Potiphar, a pivotal character in Andrew Lloyd Webers “Joseph and the Amazing Technicolor Dreamcoat” appears on stage for less than five minutes. Despite that very brief time on stage, the actor portraying him spends countless hours rehearsing his role. You see the tip of the iceberg when Potiphar changes the life of the titular character in the play, but there’s a whole lot more the audience never sees.
In fact, there’s even more to that iceberg, because Potiphar is surrounded by other actors, who have also spent a great deal of time getting ready for the show. Add to that the Orchestra that supports the singing, the Set Designers and builders that transform the stage into a palace in Egypt, the Costume Designer and her crew, the Choreographer, the Musical Director, the stage hands, Stage Manager and her assistant, Director, Producers, Front of House folks and heaven knows how many others, the tip of the iceberg looks pretty small when compared to the rest of it. Staging a musical is a big, complicated thing.
As people of faith we often summarize what we believe and how we interact with the simple phrase “Love one another”. If you’re really fancy, you might say “Love one another as you would be loved. It’s a wonderful, pithy, easy-to-remember expression that also happens to sound great. No wonder we love to share it with others and use it as our guiding principle for life.
It is, however, what I suggest is only a “Tip-Of-The-Iceberg” expression because, despite its simplicity and directness, there is way more to it than it might suggest.

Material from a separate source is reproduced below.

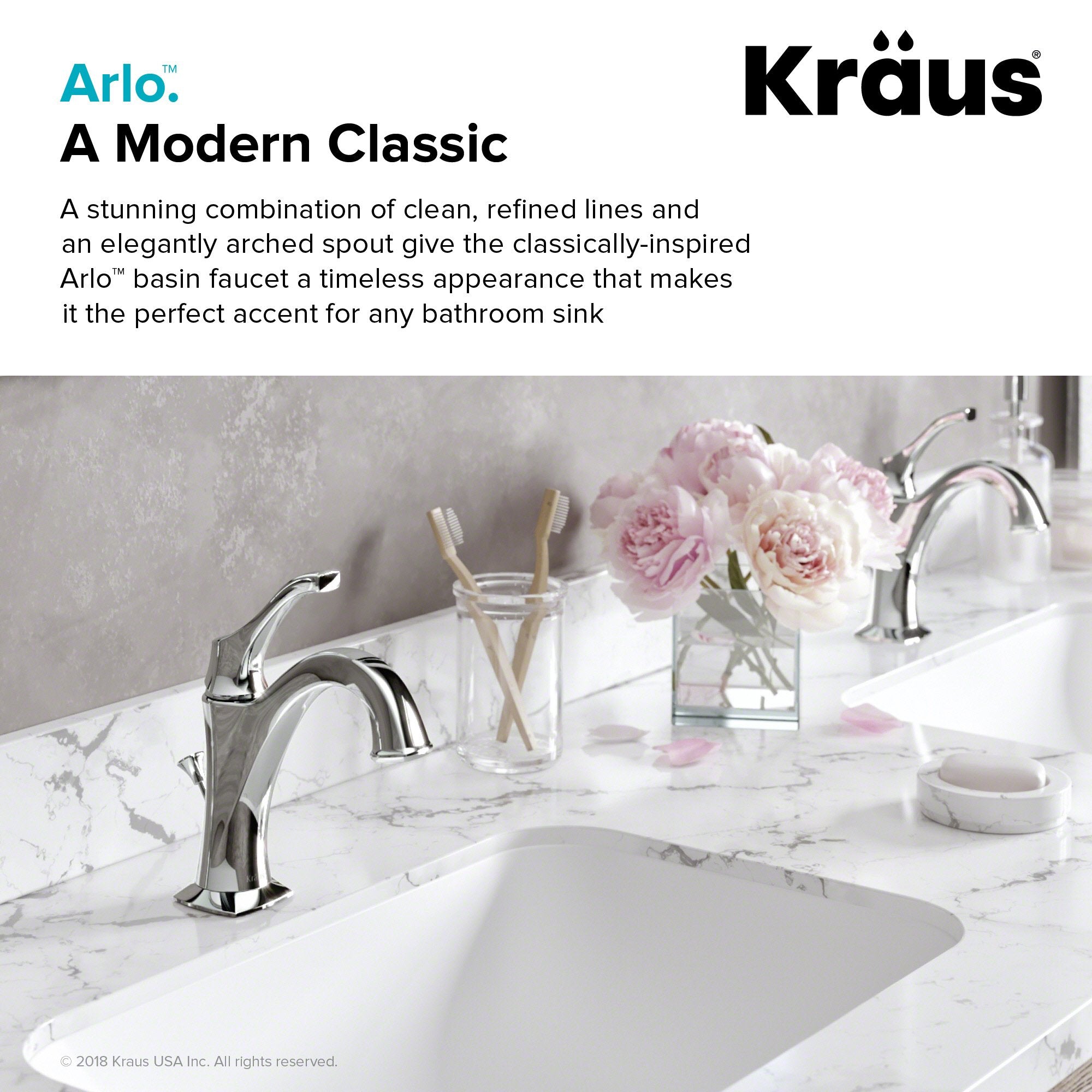 KRAUS Arlo Single Handle Bathroom Faucet with Lift Rod Drain and Deck Plate in Chrome KBF-1201CH-2PK | DirectSinks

Think, for a moment, what that phrase means to you. How do you personally unpack it? For me, it means caring for others no matter who they are. It also means forgiving others when they hurt you; support people; welcome the stranger; practice justice; model Jesus’ way of life; call people to account when they don’t act lovingly. See what I mean? Saying “Love one another” is just the tip of the iceberg when you start to think about what it means and what it looks like in real life.
One more thing. From the surface, it looks like Icebergs are set apart and far off from one another. Yet below the surface, where they spread out to their full size, I imagine them being in close contact with one another. Some might be neighbours reaching out in friendship. Others may be strangers bumping into to one another. There are caregivers comforting their charges, leaders urging others on, curious crowds living their lives or throngs of worshipers gathered together to praise God.
Sometimes all we see are the tips of the Icebergs that fill the sea along with us. But when we follow Jesus, we are closer to one another than we might think, loving one another in more ways than we can possibly imagine.